**What you should do:**
Pick every line out of the entries below that holds the string "Leather", and report them.

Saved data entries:

- Opening Delimiter -

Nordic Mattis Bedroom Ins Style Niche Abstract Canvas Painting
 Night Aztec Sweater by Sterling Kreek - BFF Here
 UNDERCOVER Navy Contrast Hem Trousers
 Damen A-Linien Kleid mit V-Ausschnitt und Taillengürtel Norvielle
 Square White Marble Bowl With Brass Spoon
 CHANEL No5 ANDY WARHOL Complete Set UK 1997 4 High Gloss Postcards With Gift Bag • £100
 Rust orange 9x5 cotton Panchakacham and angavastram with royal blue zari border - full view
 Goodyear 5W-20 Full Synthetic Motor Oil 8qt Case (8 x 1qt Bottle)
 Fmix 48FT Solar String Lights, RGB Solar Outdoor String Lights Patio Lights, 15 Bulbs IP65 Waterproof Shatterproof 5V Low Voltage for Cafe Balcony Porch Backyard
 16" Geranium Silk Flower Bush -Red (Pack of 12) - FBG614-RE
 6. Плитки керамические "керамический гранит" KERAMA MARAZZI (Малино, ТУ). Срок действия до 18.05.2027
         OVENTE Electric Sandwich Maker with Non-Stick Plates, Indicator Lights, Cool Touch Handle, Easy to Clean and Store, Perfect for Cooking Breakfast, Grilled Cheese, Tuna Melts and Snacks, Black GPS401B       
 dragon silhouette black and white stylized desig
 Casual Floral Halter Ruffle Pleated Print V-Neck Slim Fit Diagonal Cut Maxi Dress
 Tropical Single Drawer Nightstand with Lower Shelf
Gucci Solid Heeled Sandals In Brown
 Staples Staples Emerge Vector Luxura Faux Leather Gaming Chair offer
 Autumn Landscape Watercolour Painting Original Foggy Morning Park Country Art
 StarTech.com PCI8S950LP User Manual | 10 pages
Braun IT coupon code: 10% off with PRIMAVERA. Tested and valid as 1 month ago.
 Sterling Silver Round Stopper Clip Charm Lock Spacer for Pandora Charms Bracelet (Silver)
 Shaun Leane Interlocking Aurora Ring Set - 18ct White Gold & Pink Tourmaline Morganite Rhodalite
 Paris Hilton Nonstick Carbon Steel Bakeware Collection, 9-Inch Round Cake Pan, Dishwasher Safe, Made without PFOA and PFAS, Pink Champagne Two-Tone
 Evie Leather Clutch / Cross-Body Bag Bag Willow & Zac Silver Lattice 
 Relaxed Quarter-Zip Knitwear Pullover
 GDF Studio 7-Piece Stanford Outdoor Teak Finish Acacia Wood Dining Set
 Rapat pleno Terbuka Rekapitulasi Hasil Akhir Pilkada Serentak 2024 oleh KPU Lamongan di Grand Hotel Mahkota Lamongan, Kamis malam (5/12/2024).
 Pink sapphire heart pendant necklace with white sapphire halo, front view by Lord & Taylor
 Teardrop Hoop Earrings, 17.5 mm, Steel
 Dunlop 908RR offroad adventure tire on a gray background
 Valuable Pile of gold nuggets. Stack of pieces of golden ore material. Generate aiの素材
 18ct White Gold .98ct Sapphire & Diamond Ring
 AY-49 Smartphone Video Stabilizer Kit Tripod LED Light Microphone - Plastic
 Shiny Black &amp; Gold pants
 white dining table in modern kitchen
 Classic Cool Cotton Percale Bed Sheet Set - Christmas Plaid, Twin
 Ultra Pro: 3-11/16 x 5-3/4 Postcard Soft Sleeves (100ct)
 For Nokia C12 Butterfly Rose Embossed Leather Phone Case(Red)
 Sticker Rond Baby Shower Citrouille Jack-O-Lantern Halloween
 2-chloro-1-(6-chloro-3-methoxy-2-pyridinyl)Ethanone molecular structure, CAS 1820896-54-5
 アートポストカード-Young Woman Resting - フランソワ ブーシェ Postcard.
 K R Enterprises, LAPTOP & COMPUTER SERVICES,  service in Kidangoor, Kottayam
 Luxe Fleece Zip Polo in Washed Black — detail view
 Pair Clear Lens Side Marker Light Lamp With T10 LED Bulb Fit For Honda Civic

- Closing Delimiter -

**Output:**
 Staples Staples Emerge Vector Luxura Faux Leather Gaming Chair offer
 Evie Leather Clutch / Cross-Body Bag Bag Willow & Zac Silver Lattice 
 For Nokia C12 Butterfly Rose Embossed Leather Phone Case(Red)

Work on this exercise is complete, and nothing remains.